Multilateral Diplomacy (BRICS, SCO Membership)

Saudi Arabia and the UAE are dialogue partners in the Shanghai Cooperation Organization (SCO) and, in 2024, were among six states invited to join the BRICS group. The UAE accepted membership, whereas Saudi Arabia did not, which explicitly signals Riyadh’s careful hedging policy between the United States and China. To this day, Saudi Arabia has not formally responded to the BRICS invitation, for several reasons.[8] First, Iran received an invitation for full membership alongside Saudi Arabia, which is problematic in two ways. On the one hand, longstanding tensions and geopolitical rivalry between Iran and Saudi Arabia persist, despite the two countries restoring diplomatic relations in 2023 under China’s mediation. On the other hand, Saudi officials view Iran’s BRICS invitation as a symbolic display of the organization’s anti-Western orientation. Additionally, Saudi Arabia positions itself as a regional leader, and Riyadh sees it as undesirable to be treated as an equal partner with rivals such as the UAE, Egypt, or Iran. The Saudi crown prince has been absent from all major summits but ensured the country is represented at various lower-level forums and committees. On several occasions, Saudi Arabia was presented as a full member, which later had to be corrected. Its approach reinforces Saudi Arabia’s position in the multipolar world and, unintentionally, significantly weakens BRICS cohesion.

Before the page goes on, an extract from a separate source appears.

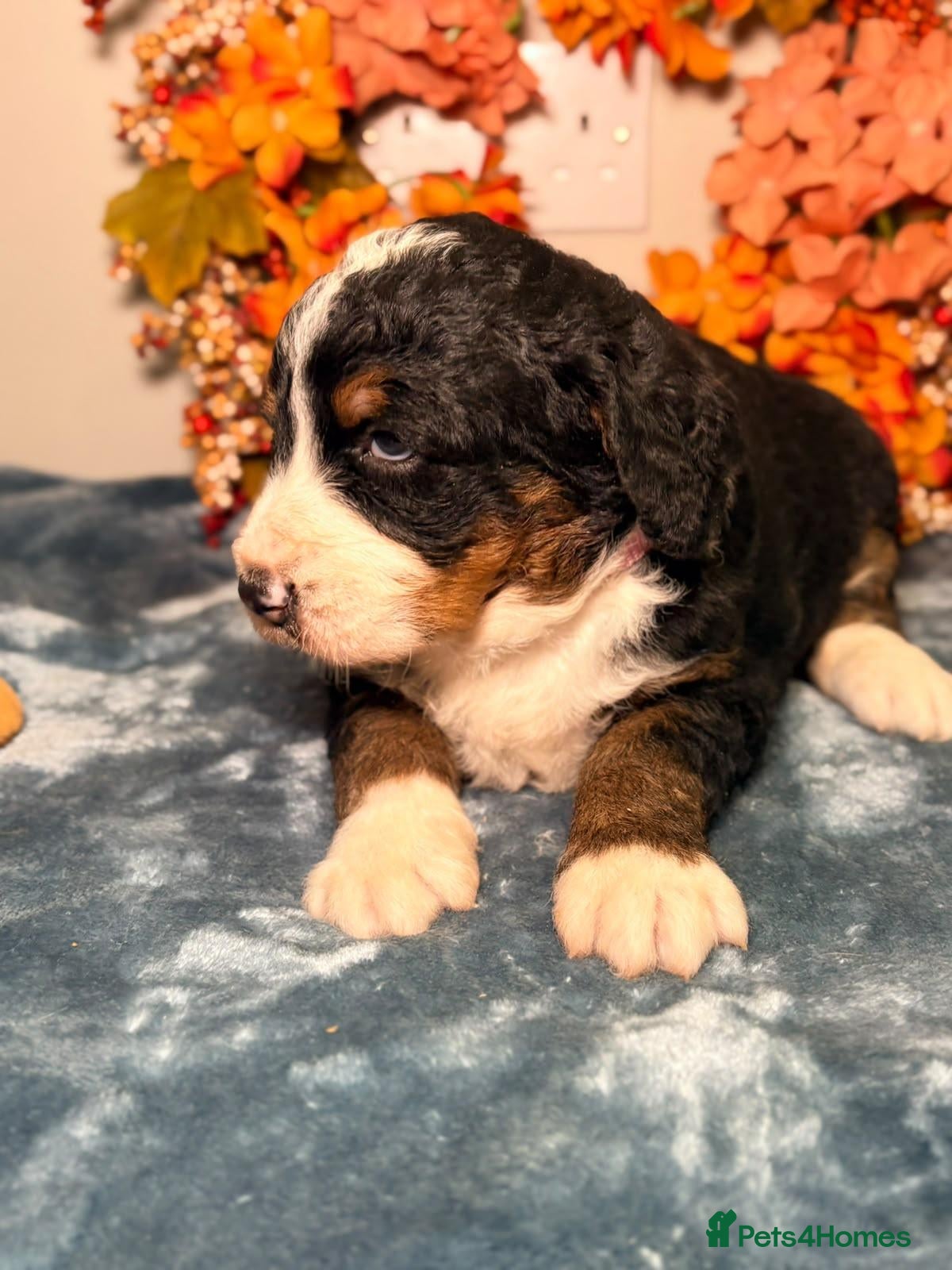 Bernedoodle dogs F1 tri-color bernedoodle pups - Advert 1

By contrast, the UAE became a full member of BRICS on January 1, 2024. Membership does not replace its partnership with the United States but serves a complementary function.[9] For Abu Dhabi, it is crucial to secure the markets and technologies needed for its technological development. BRICS membership provides a platform for the UAE to make its voice heard in shaping international rules and strengthens its regional role. The UAE also participates in minilateral arrangements such as I2U2 (India, Israel, UAE, United States), primarily aimed at technological cooperation. This framework underpins India’s announcement of an India–Middle East–Europe Economic Corridor (IMEC), which Washington explicitly views as an alternative to China’s Belt and Road Initiative, at the G20 summit in September 2023. For the UAE, however, the emphasis is on the complementary, not substitutive, nature of this approach.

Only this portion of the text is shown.